What the task asks: Copy nothing from the entries below except the lines from the one containing "Jessica Hynes photo 3" through the one containing "Axle Rear Wheel", and copy those exactly.

Extracted data:
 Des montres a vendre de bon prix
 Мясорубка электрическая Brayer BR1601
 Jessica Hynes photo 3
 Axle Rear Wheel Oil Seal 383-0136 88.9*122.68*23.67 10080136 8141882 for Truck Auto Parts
==
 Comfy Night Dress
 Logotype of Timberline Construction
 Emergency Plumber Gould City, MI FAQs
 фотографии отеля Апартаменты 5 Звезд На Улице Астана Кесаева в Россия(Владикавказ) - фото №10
---
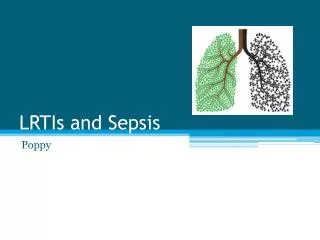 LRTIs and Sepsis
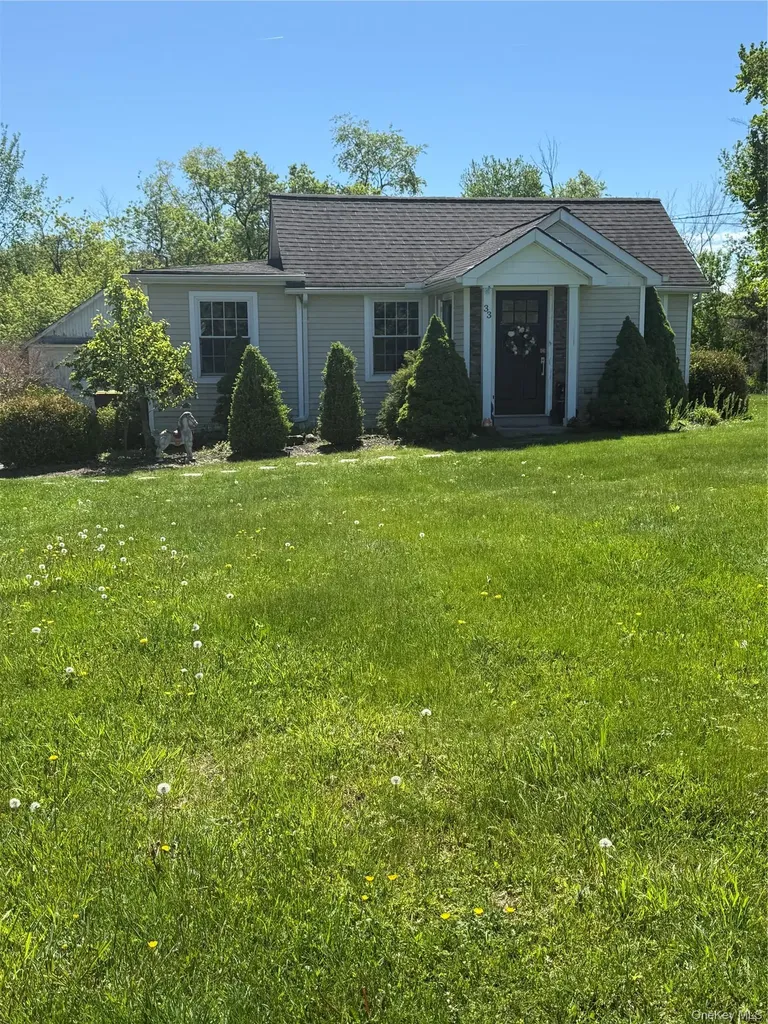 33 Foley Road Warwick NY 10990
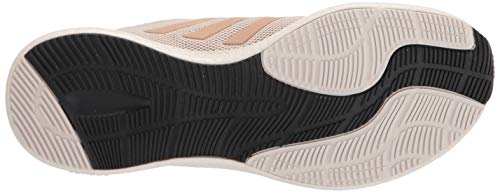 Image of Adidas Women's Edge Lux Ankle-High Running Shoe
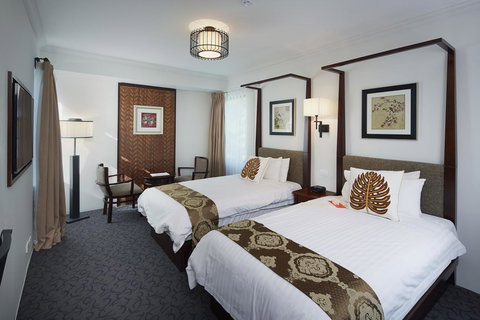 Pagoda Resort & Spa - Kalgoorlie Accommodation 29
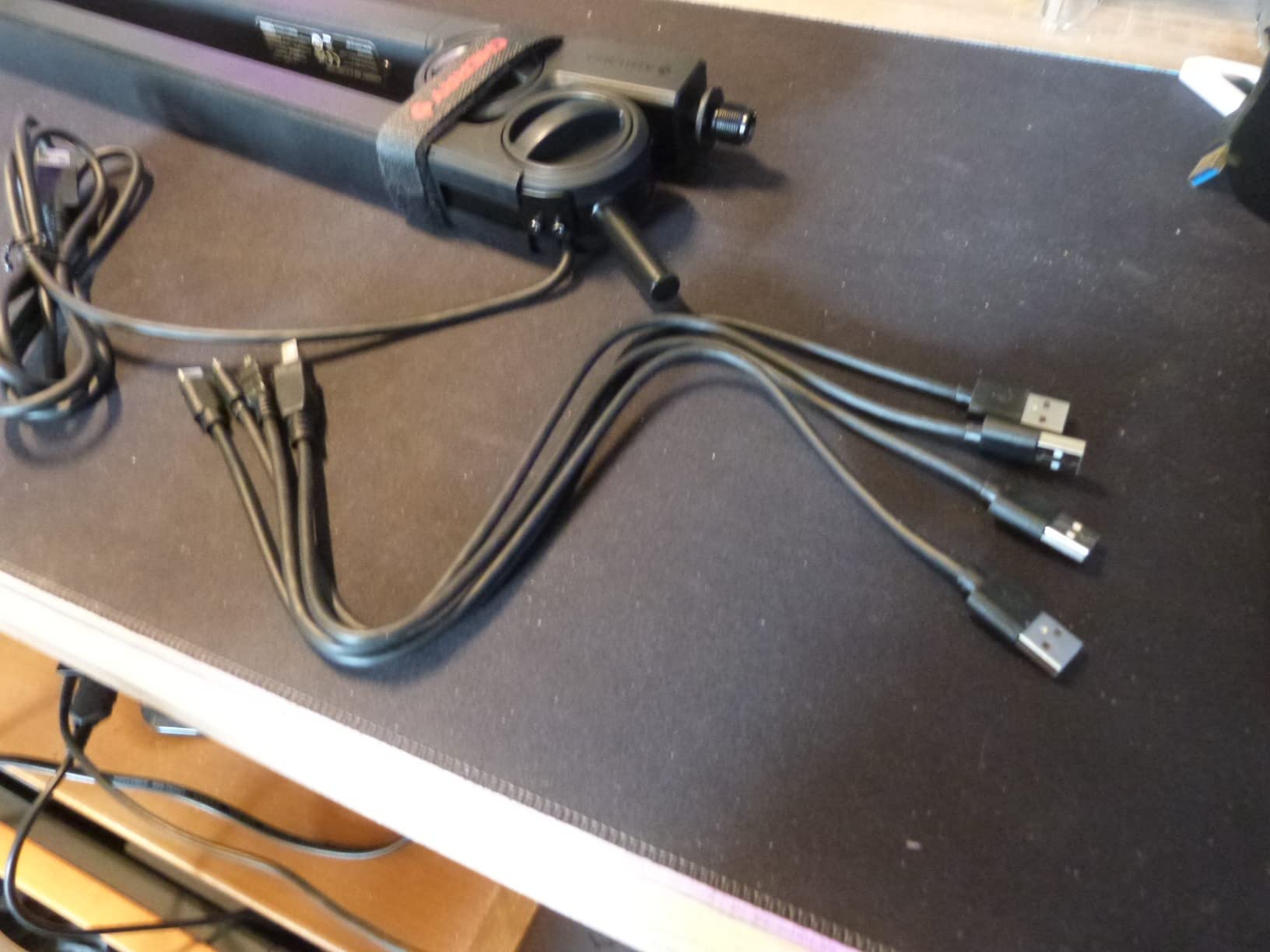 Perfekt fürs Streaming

Exercise solution:
 Jessica Hynes photo 3
 Axle Rear Wheel Oil Seal 383-0136 88.9*122.68*23.67 10080136 8141882 for Truck Auto Parts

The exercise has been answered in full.